» **Your instructions**
Pictures stay out of the copy; set down each line of the listing below exactly.

» **Materials provided**
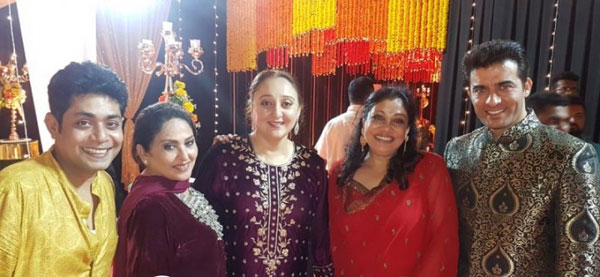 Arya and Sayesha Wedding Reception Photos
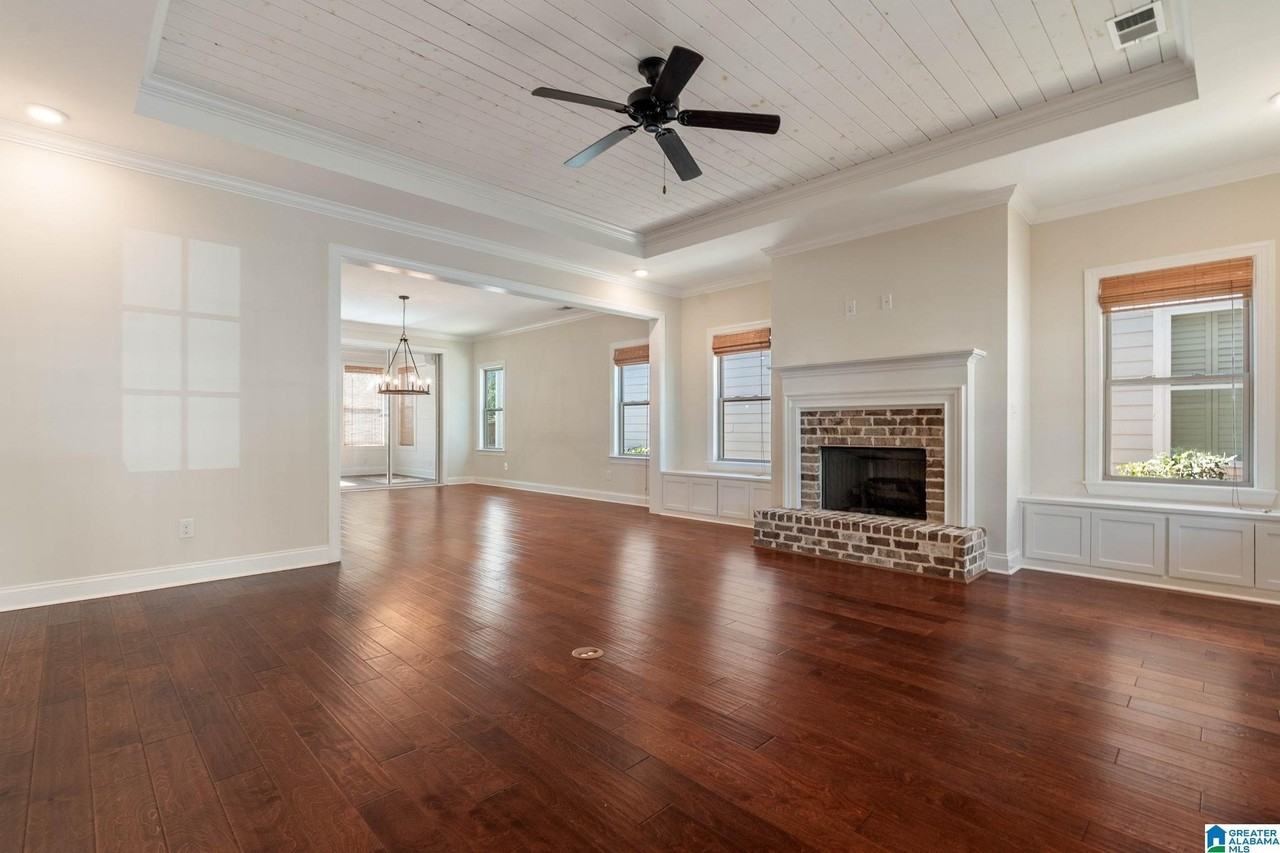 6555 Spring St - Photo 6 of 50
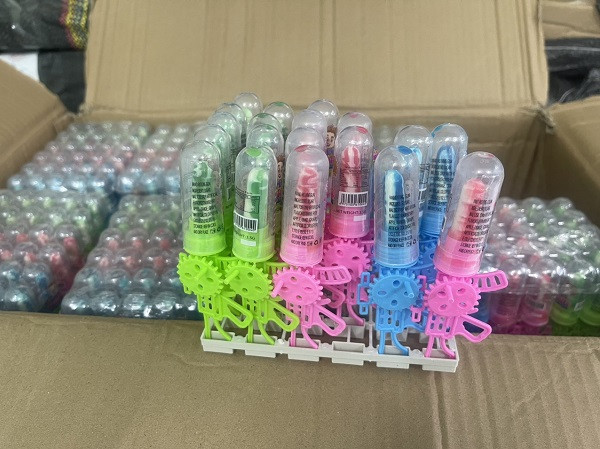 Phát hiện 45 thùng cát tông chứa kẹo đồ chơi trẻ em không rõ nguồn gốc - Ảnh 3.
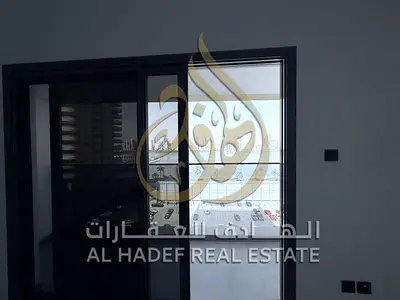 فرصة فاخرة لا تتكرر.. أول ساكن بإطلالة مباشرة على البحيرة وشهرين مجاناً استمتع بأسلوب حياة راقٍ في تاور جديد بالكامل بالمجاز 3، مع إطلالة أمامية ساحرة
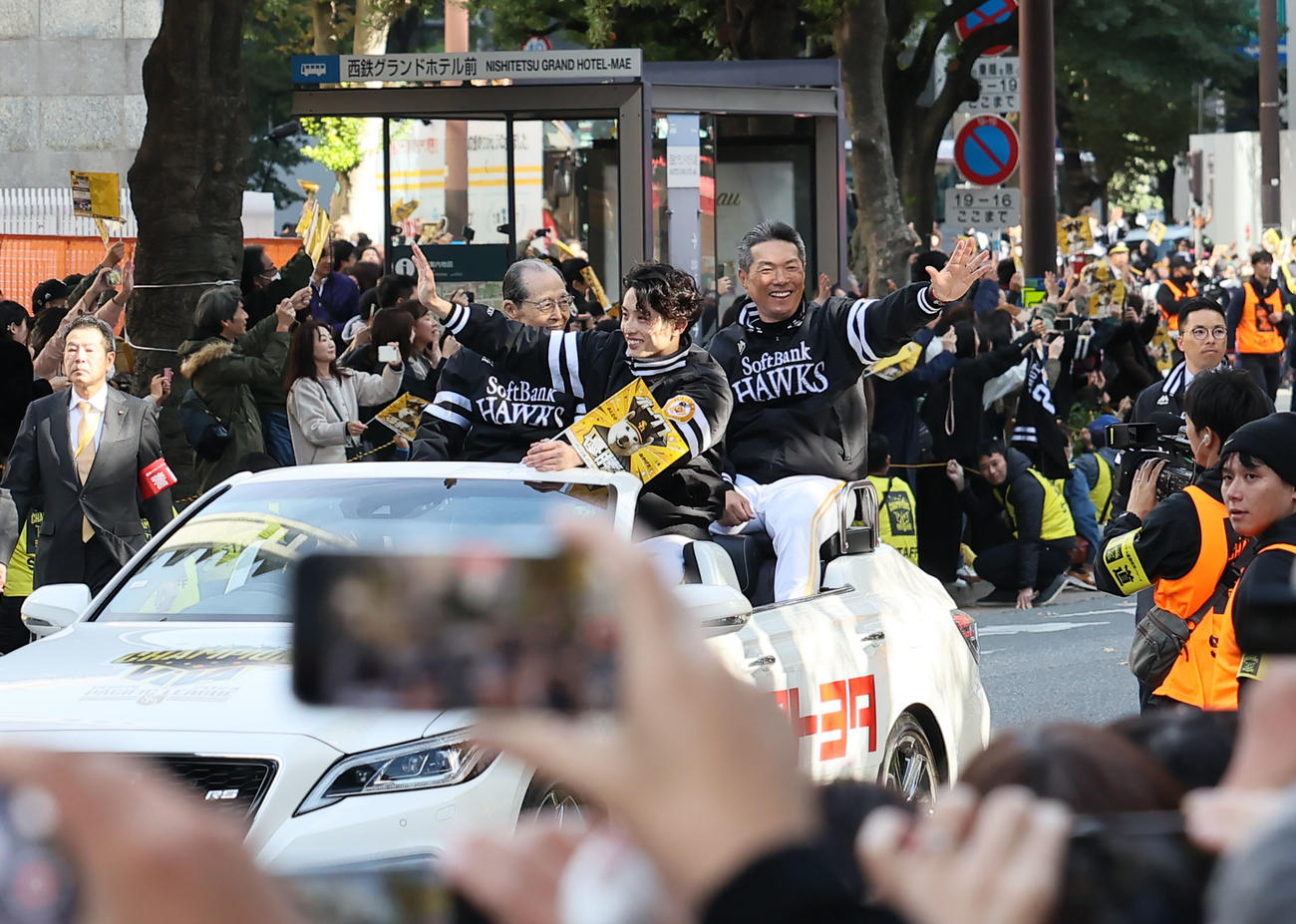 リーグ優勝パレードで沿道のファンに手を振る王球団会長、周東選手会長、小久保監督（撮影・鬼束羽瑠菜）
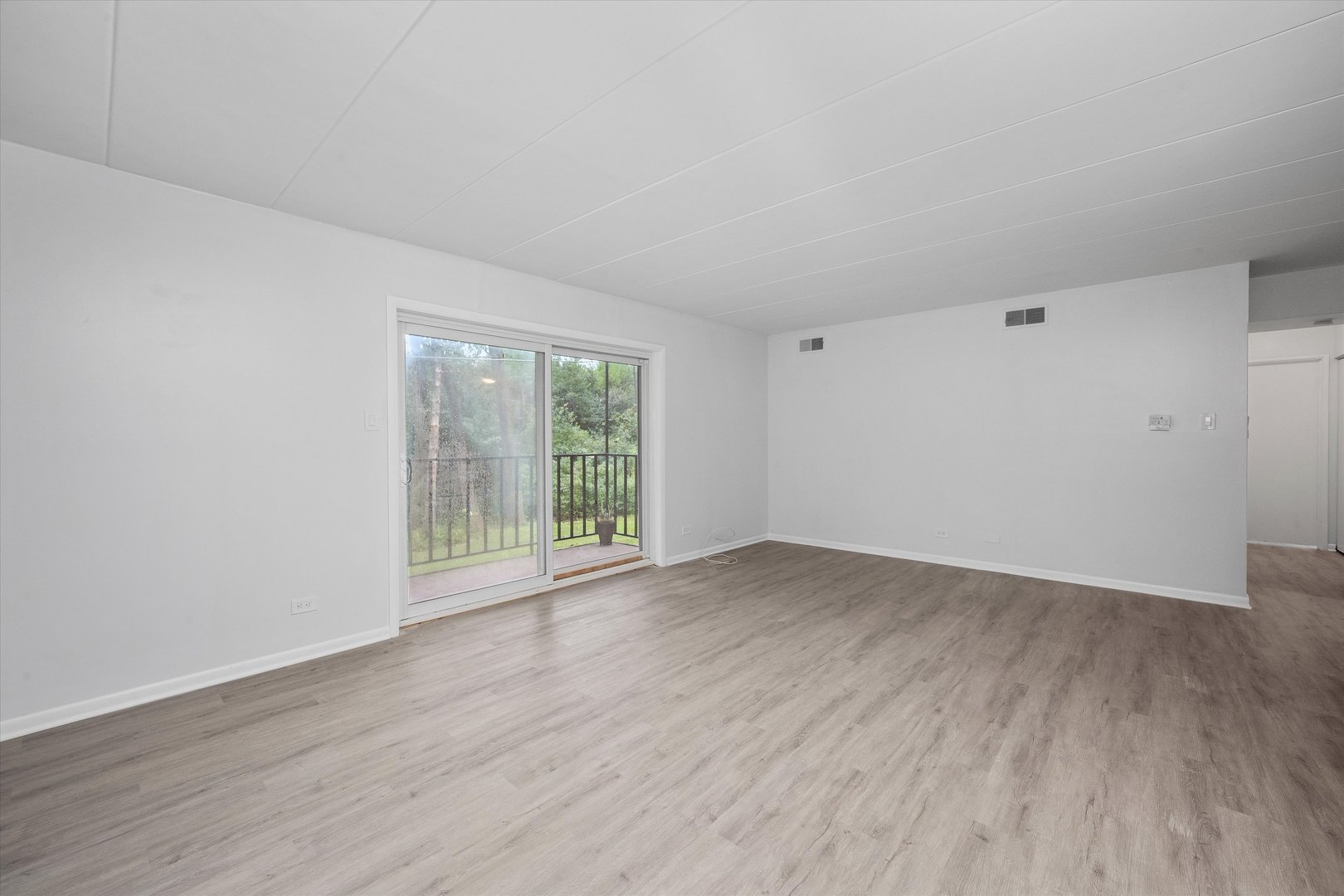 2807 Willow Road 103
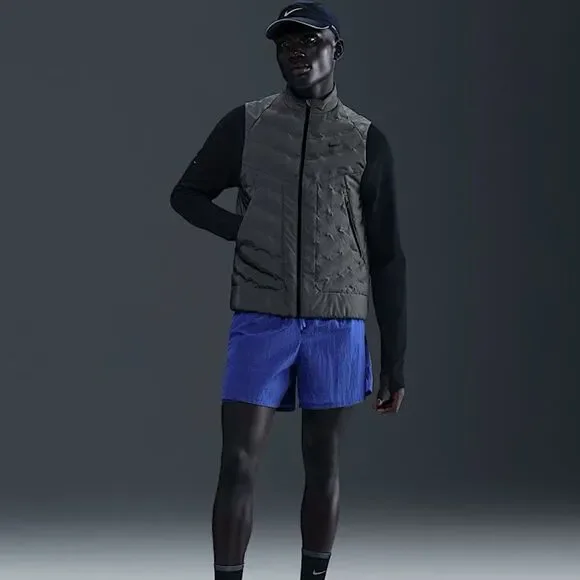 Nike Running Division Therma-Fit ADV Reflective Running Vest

» **Task result**
 Arya and Sayesha Wedding Reception Photos
 6555 Spring St - Photo 6 of 50
 Phát hiện 45 thùng cát tông chứa kẹo đồ chơi trẻ em không rõ nguồn gốc - Ảnh 3.
 فرصة فاخرة لا تتكرر.. أول ساكن بإطلالة مباشرة على البحيرة وشهرين مجاناً استمتع بأسلوب حياة راقٍ في تاور جديد بالكامل بالمجاز 3، مع إطلالة أمامية ساحرة
 リーグ優勝パレードで沿道のファンに手を振る王球団会長、周東選手会長、小久保監督（撮影・鬼束羽瑠菜）
 2807 Willow Road 103
 Nike Running Division Therma-Fit ADV Reflective Running Vest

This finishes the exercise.